Il est pourtant démontré que des problèmes de "sound alike" - des noms qui se ressemblent - et de "look alike" - des emballages qui se ressemblent - sont des facteurs favorisant la survenue d'erreurs humaines. Il est donc essentiel d'apporter un soutien aux professionnels de la santé qui doivent manipuler quotidiennement des produits au design parfois peu ergonomique, avec tous les risques supplémentaires que cela induit.
Dans d'autres industries à haut risque, comme le nucléaire, dont nous avons beaucoup parlé, il est connu de longue date que pour éviter des erreurs, il est important de bien différencier visuellement les différentes commandes, par exemple, les vannes d'ouverture des différents circuits. De la même manière, dans notre vie quotidienne, les robinets d'eau froide et ceux d'eau chaude ne sont-ils pas dotés d'une couleur différente pour éviter de les confondre? Pourquoi ne pas appliquer le même principe aux médicaments? En ce qui concerne les emballages des médicaments, les pharmaciens n'ont pas attendu le dépôt de la motion Heim pour agir. De concert avec les associations de l'industrie pharmaceutique et la Fondation pour la sécurité des patients et avec le soutien de Swissmedic, ils ont oeuvré à l'édition de recommandations pour diminuer le risque de commettre des erreurs. Un premier document a ainsi été publié en 2009, qui concerne le marquage des ampoules pour injection. Ce travail a connu un fort retentissement sur le plan international, notamment en raison de la collaboration entre les différents milieux concernés.
Depuis le dépôt de la motion Heim, le groupe de travail s'est remis au travail afin de réfléchir à des recommandations pouvant être mises en place dans ce domaine. Ce travail est complexe, car il n'existe malheureusement pas de solution miracle pour résoudre totalement ce problème, et il s'agit de trouver un juste équilibre entre des intérêts parfois divergents.
D'après ce que je sais, les travaux du groupe de travail ont bien avancé, dans un esprit de collaboration positif, mais l'annonce du rejet de la motion par notre commission a pour le moins surpris les différents acteurs représentés dans ce groupe, comme je l'ai moi-même été lors de cette séance. En effet, chacune des parties, y compris l'industrie pharmaceutique, considère qu'il est important de pouvoir disposer d'un soutien politique à la démarche en cours afin de renforcer sa légitimité.

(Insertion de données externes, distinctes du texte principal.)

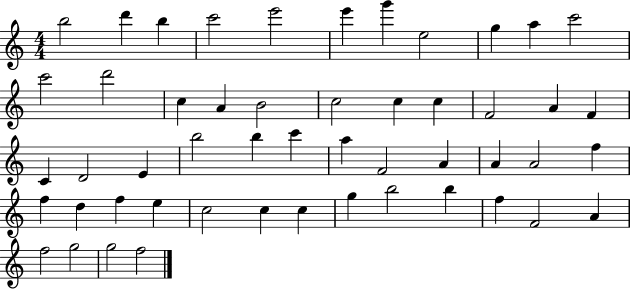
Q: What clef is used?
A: treble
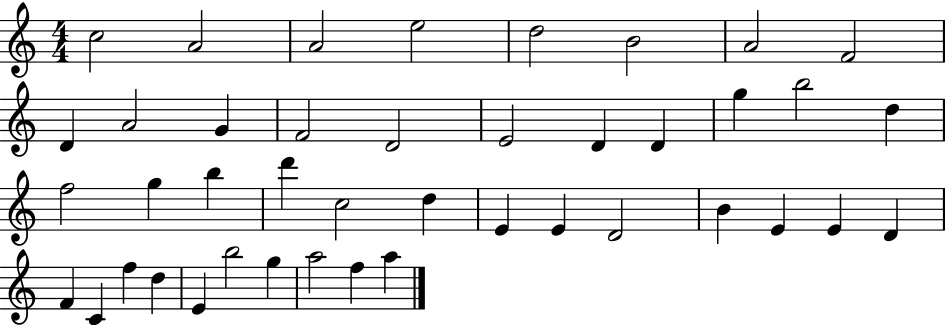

Si le conseil décidait de revenir sur la décision de la commission, cela permettrait de donner un signal fort à cette démarche en reconnaissant l'importance du problème et la nécessité d'un travail commun entre les professionnels de la santé et l'industrie pharmaceutique.
Il est vrai qu'une réglementation trop stricte en la matière, qui introduirait une solution uniquement suisse avec de fortes contraintes techniques pour l'industrie, ferait courir le risque que celle-ci décide de renoncer à commercialiser certains médicaments dans notre pays. Mais ce n'est pas du tout là l'objet de la motion. Le Conseil fédéral dit lui-même que Swissmedic, l'Institut suisse des produits [PAGE 1026] thérapeutiques, respecte déjà la plupart des lignes directrices publiées par diverses instances publiques, que ce soit dans l'Union européenne, aux Etats-Unis ou au Canada notamment; il faut maintenant que ces lignes directrices soient consacrées par la législation.
En conclusion, la motion Heim nous permet aujourd'hui de répondre à une problématique importante de santé publique. Je vous invite donc à l'accepter.